Task description: Beginning with the line containing "Mops | Boardwalk", transcribe every line exactly down to the last one in the records below, and drop the pictures.

═══ Available data

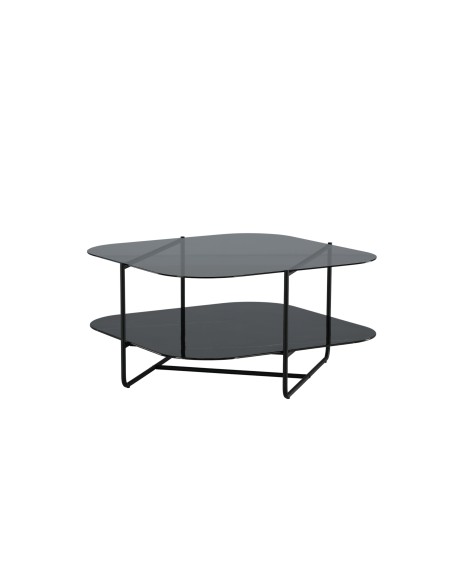 Soffbord Un-line, 85 × 85 cm, Svart
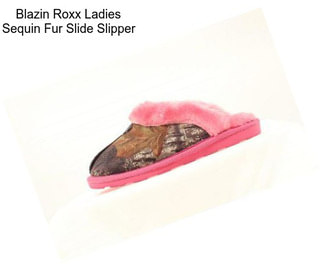 Blazin Roxx Ladies Sequin Fur Slide Slipper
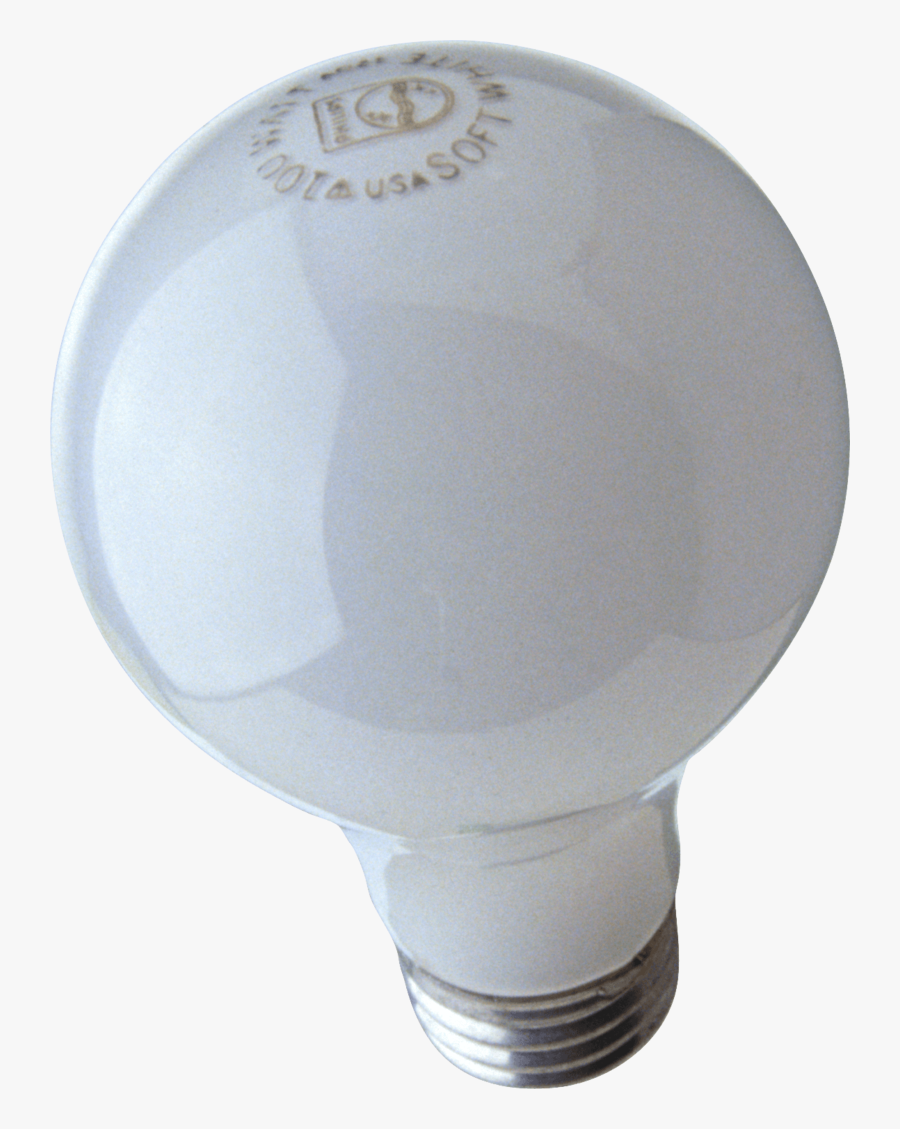White Light Bulb, Transparent Clipart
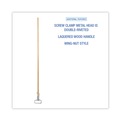 Mops | Boardwalk BWK609 60 in. Wood Spring Grip Metal Head Mop Handle for Most Mop Heads - Natural image number 4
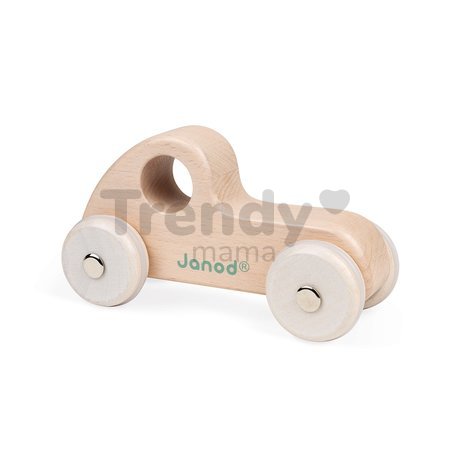Drevené autíčko retro Push-Along Vehicle Sweet Cocoon Janod hnedé od 18 mes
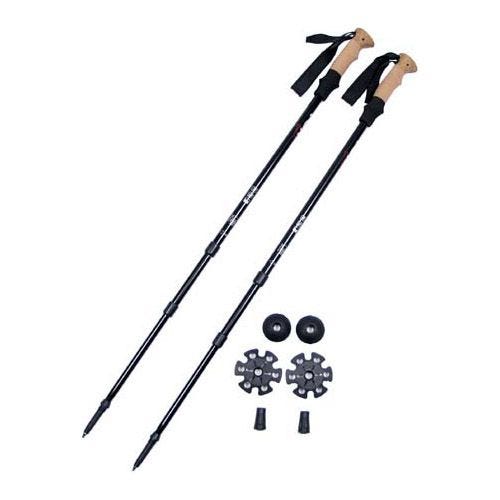 Fox Outdoor Bâtons de randonnée professionnels en aluminium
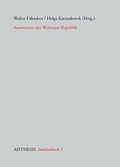 Cover: Autorinnen der Weimarer Republik - Aisthesis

══════

Exercise response:
 Mops | Boardwalk BWK609 60 in. Wood Spring Grip Metal Head Mop Handle for Most Mop Heads - Natural image number 4
Drevené autíčko retro Push-Along Vehicle Sweet Cocoon Janod hnedé od 18 mes
 Fox Outdoor Bâtons de randonnée professionnels en aluminium
 Cover: Autorinnen der Weimarer Republik - Aisthesis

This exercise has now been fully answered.